8. Or, précisément, c’est dans ces situations-là que la parole de Jésus se révèle lumineuse. Car que dit Jésus ? Il dit que le règne de Dieu ne vient pas d’une manière observable.  

En grec, ce mot fait référence aux observations sur la base desquelles les astronomes s’appuyaient pour établir les différentes dates des fêtes religieuses. par exemple à quel moment devait être fixée la date de la fête de Pâques.  

Dans le prolongement de cette logique, plus tard, cette même expression en grec a fait référence aux calculs fiévreux et passionnés menés par tous ceux qui cherchaient à interpréter les signes avant coureurs d’une apocalypse et donc qui cherchaient à pronostiquer, voir à mettre en oeuvre une crise marquant un tournant profond dans l’histoire du monde. Dans ce contexte, Jésus dit que le règne de Dieu ne vient pas « d’une manière observable », sous entendu : nous ne pouvons pas le calculer ou le mettre en oeuvre. Mais  « le règne de Dieu est au milieu de vous ».  

Ce faisant, Jésus dit : ne soyez pas trop occupés à calculer et à pronostiquer, car ce faisant, vous passez à côté de l’essentiel. En ce sens, je crois que Sherlock Holmes est un fidèle disciple de Jésus quand il dit à son ami Watson : mon cher Watson, tout est là sous nos yeux, mais nous ne le voyons pas ! 

Nous sommes parfois tellement à la recherche de conditions de vie favorable que tout ce que nous voyons autour de nous parait limité, petit, borné, dénué de sens. 

Mobilisé par notre quête, nous regardons par dessus notre quotidien, ailleurs ; et là ailleurs, nous voyons au loin les mêmes petites choses qui nous semblaient si bornées alors qu’elles étaient dans notre quotidien, mais là dans le lointain, ces mêmes petites choses paraissaient pleines de sens, peut-être seulement parce que nous ne les voyions pas clairement. 

Jusqu’au jour où nous réalisons qu’il n’y a pas besoin de regarder par dessus notre quotidien, mais au contraire, le regarder pleinement pour découvrir dans ce quotidien, ce qui fait sens. 

Quand Jésus affirme que le règne de Dieu n’est pas observable, il ne cherche pas à transporter ses auditeurs dans un autre monde.

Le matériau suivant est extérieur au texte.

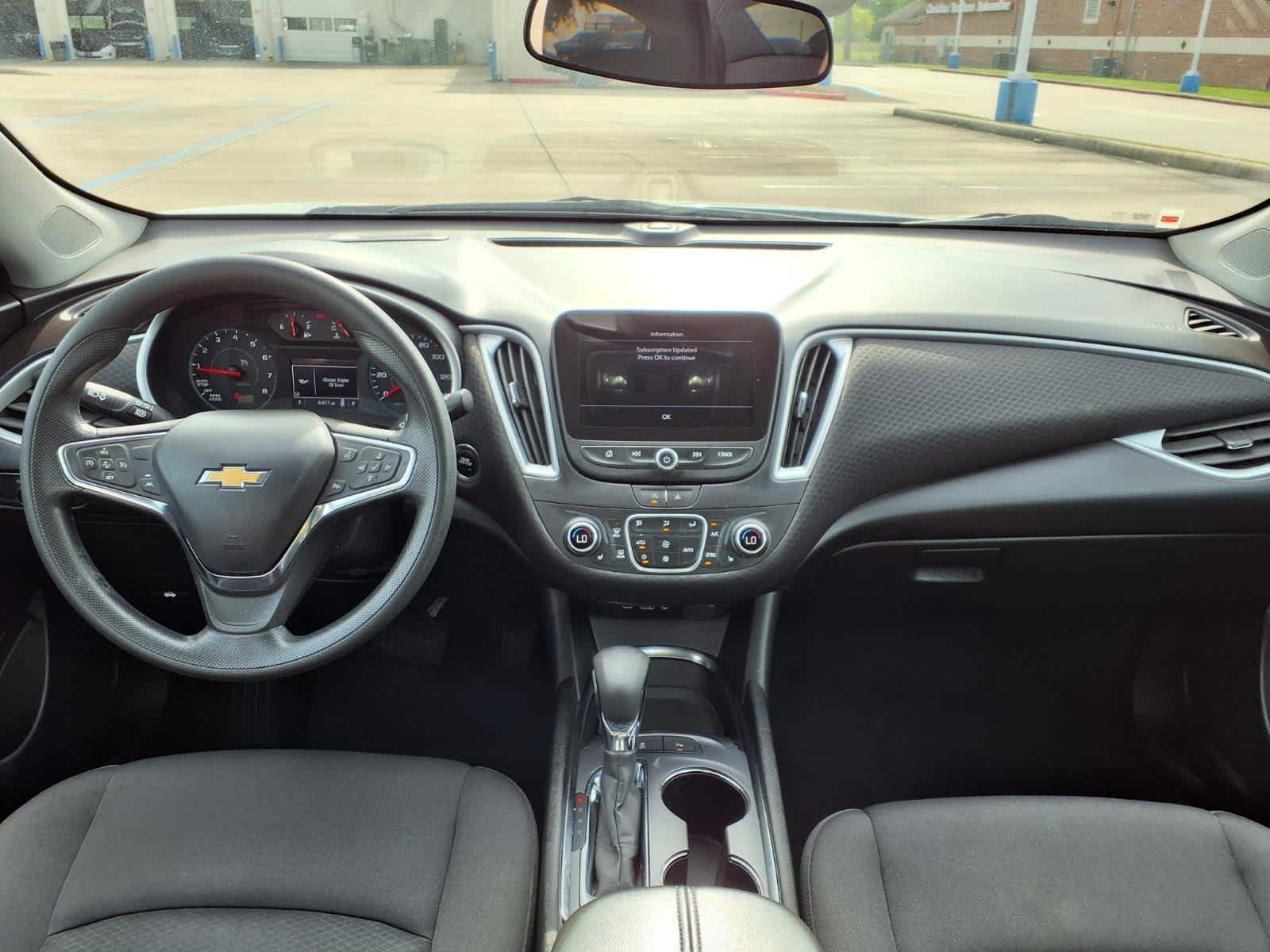 Thumbnail: 2024 Chevrolet Malibu - 10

Non, il vise simplement à les rendre plus sensible, plus conscients au monde qui les entoure.

9. Même si nos conditions de vie ne sont pas complètement favorables, l’enjeu pour ne pas passer à côté de l’essentiel, à côté du but pour lequel nous avons été créé. L’enjeu, c’est de devenir sensible au fait que le règne de Dieu est déjà là agissant, au milieu des conditions de vie qui sont les nôtres actuellement. 

Le règne de Dieu est déjà là agissant, car quelle que soit la situation que je dois endurer, Dieu est déjà là à travailler pour que je devienne une personne consciente, capable de goûter et apprécier la saveur d’une relation personnelle de qualité.  

Dès lors la parole de Jésus nous apporte la lumière dont nous avons besoin pour porter et supporter les conditions de vie pas toujours favorables que nous avons à endurer. Car cette parole de Jésus nous redit : quand la situation n’est pas favorable, ne passe pas ton temps à laisser ton regard errer au loin. 

Reçois chaque jour qui passe comme une occasion donnée par Dieu pour réaliser, au sens de rendre réel, concret sa volonté de communion personnelle. 

Reçois chaque jour qui passe comme une occasion où au travers de tout ce qui t’est donné de vivre, mystérieusement, Dieu travaille la pâte de ta personnalité afin que la communion de personne à personne ne soit pas un vague idéal, un voeu pieux, mais que cette communion devienne de plus en concrète et réelle. 

Reçois chaque jour qui passe comme une occasion où tu peux savourer les fois où il t’a été donné de goûter au bonheur d’une relation de personne à personne. 

Reçois chaque jour qui passe comme une occasion où fort de ce que tu auras découvert et compris de ce bonheur-là, tu puisses t’engager auprès d’autres humains peinant à vivre ce bonheur-là afin de faire ce qui est possible pour qu’ils puissent eux aussi se sentir appelés à cette qualité de communion et qu’ils s’en réjouissent dès aujourd’hui.

Amen

Luc-Oliver Bosset, le 18 septembre à l'église St André à Maurin.